*Data to process:*
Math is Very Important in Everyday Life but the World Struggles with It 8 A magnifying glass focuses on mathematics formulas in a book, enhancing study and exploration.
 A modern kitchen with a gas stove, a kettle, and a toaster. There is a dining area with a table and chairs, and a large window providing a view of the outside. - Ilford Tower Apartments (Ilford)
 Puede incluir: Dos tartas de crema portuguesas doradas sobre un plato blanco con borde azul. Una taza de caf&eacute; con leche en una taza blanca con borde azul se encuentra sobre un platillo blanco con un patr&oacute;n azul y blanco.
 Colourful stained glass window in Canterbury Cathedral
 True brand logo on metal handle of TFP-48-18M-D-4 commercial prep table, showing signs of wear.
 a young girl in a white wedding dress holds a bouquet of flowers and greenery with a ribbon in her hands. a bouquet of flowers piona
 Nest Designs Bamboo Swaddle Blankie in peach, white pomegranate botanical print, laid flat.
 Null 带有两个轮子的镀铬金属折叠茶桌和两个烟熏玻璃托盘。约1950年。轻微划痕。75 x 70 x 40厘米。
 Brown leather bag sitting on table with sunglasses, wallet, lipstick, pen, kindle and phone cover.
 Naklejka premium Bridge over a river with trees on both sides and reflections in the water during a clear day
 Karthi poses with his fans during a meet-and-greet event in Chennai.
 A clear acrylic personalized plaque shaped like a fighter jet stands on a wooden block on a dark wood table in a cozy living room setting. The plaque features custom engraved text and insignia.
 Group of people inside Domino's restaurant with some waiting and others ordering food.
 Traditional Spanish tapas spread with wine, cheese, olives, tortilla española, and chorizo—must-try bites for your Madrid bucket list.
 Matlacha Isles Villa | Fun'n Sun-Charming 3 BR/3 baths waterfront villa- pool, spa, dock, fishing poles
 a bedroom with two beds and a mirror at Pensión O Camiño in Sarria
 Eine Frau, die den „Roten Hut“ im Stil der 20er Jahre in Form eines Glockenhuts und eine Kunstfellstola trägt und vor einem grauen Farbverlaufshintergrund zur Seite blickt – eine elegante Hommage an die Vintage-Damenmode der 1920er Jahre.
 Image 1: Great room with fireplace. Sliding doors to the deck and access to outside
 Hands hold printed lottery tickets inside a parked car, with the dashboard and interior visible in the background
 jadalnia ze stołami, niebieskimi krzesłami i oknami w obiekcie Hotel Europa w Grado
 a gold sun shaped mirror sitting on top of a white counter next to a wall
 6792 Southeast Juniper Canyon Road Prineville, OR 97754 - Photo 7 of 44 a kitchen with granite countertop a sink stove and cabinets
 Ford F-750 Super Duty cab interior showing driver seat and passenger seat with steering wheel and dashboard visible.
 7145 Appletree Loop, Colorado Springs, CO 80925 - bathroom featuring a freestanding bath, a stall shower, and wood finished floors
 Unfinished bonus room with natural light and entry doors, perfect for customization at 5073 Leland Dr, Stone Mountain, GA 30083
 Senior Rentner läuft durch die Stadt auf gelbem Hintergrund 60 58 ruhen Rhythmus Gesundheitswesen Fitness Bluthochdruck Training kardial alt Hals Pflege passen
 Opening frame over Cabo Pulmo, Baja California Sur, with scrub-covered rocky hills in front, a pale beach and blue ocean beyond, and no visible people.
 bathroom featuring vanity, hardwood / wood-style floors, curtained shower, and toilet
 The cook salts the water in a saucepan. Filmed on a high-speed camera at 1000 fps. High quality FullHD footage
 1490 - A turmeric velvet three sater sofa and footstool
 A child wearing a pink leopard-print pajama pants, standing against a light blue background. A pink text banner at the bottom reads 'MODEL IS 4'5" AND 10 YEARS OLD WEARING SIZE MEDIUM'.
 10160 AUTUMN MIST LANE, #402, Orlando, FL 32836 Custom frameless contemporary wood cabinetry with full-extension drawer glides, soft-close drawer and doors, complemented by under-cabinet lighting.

*Work instructions:* Return the records in full. Omit nothing.

*Answer:*
Math is Very Important in Everyday Life but the World Struggles with It 8 A magnifying glass focuses on mathematics formulas in a book, enhancing study and exploration.
 A modern kitchen with a gas stove, a kettle, and a toaster. There is a dining area with a table and chairs, and a large window providing a view of the outside. - Ilford Tower Apartments (Ilford)
 Puede incluir: Dos tartas de crema portuguesas doradas sobre un plato blanco con borde azul. Una taza de caf&eacute; con leche en una taza blanca con borde azul se encuentra sobre un platillo blanco con un patr&oacute;n azul y blanco.
 Colourful stained glass window in Canterbury Cathedral
 True brand logo on metal handle of TFP-48-18M-D-4 commercial prep table, showing signs of wear.
 a young girl in a white wedding dress holds a bouquet of flowers and greenery with a ribbon in her hands. a bouquet of flowers piona
 Nest Designs Bamboo Swaddle Blankie in peach, white pomegranate botanical print, laid flat.
 Null 带有两个轮子的镀铬金属折叠茶桌和两个烟熏玻璃托盘。约1950年。轻微划痕。75 x 70 x 40厘米。
 Brown leather bag sitting on table with sunglasses, wallet, lipstick, pen, kindle and phone cover.
 Naklejka premium Bridge over a river with trees on both sides and reflections in the water during a clear day
 Karthi poses with his fans during a meet-and-greet event in Chennai.
 A clear acrylic personalized plaque shaped like a fighter jet stands on a wooden block on a dark wood table in a cozy living room setting. The plaque features custom engraved text and insignia.
 Group of people inside Domino's restaurant with some waiting and others ordering food.
 Traditional Spanish tapas spread with wine, cheese, olives, tortilla española, and chorizo—must-try bites for your Madrid bucket list.
 Matlacha Isles Villa | Fun'n Sun-Charming 3 BR/3 baths waterfront villa- pool, spa, dock, fishing poles
 a bedroom with two beds and a mirror at Pensión O Camiño in Sarria
 Eine Frau, die den „Roten Hut“ im Stil der 20er Jahre in Form eines Glockenhuts und eine Kunstfellstola trägt und vor einem grauen Farbverlaufshintergrund zur Seite blickt – eine elegante Hommage an die Vintage-Damenmode der 1920er Jahre.
 Image 1: Great room with fireplace. Sliding doors to the deck and access to outside
 Hands hold printed lottery tickets inside a parked car, with the dashboard and interior visible in the background
 jadalnia ze stołami, niebieskimi krzesłami i oknami w obiekcie Hotel Europa w Grado
 a gold sun shaped mirror sitting on top of a white counter next to a wall
 6792 Southeast Juniper Canyon Road Prineville, OR 97754 - Photo 7 of 44 a kitchen with granite countertop a sink stove and cabinets
 Ford F-750 Super Duty cab interior showing driver seat and passenger seat with steering wheel and dashboard visible.
 7145 Appletree Loop, Colorado Springs, CO 80925 - bathroom featuring a freestanding bath, a stall shower, and wood finished floors
 Unfinished bonus room with natural light and entry doors, perfect for customization at 5073 Leland Dr, Stone Mountain, GA 30083
 Senior Rentner läuft durch die Stadt auf gelbem Hintergrund 60 58 ruhen Rhythmus Gesundheitswesen Fitness Bluthochdruck Training kardial alt Hals Pflege passen
 Opening frame over Cabo Pulmo, Baja California Sur, with scrub-covered rocky hills in front, a pale beach and blue ocean beyond, and no visible people.
 bathroom featuring vanity, hardwood / wood-style floors, curtained shower, and toilet
 The cook salts the water in a saucepan. Filmed on a high-speed camera at 1000 fps. High quality FullHD footage
 1490 - A turmeric velvet three sater sofa and footstool
 A child wearing a pink leopard-print pajama pants, standing against a light blue background. A pink text banner at the bottom reads 'MODEL IS 4'5" AND 10 YEARS OLD WEARING SIZE MEDIUM'.
 10160 AUTUMN MIST LANE, #402, Orlando, FL 32836 Custom frameless contemporary wood cabinetry with full-extension drawer glides, soft-close drawer and doors, complemented by under-cabinet lighting.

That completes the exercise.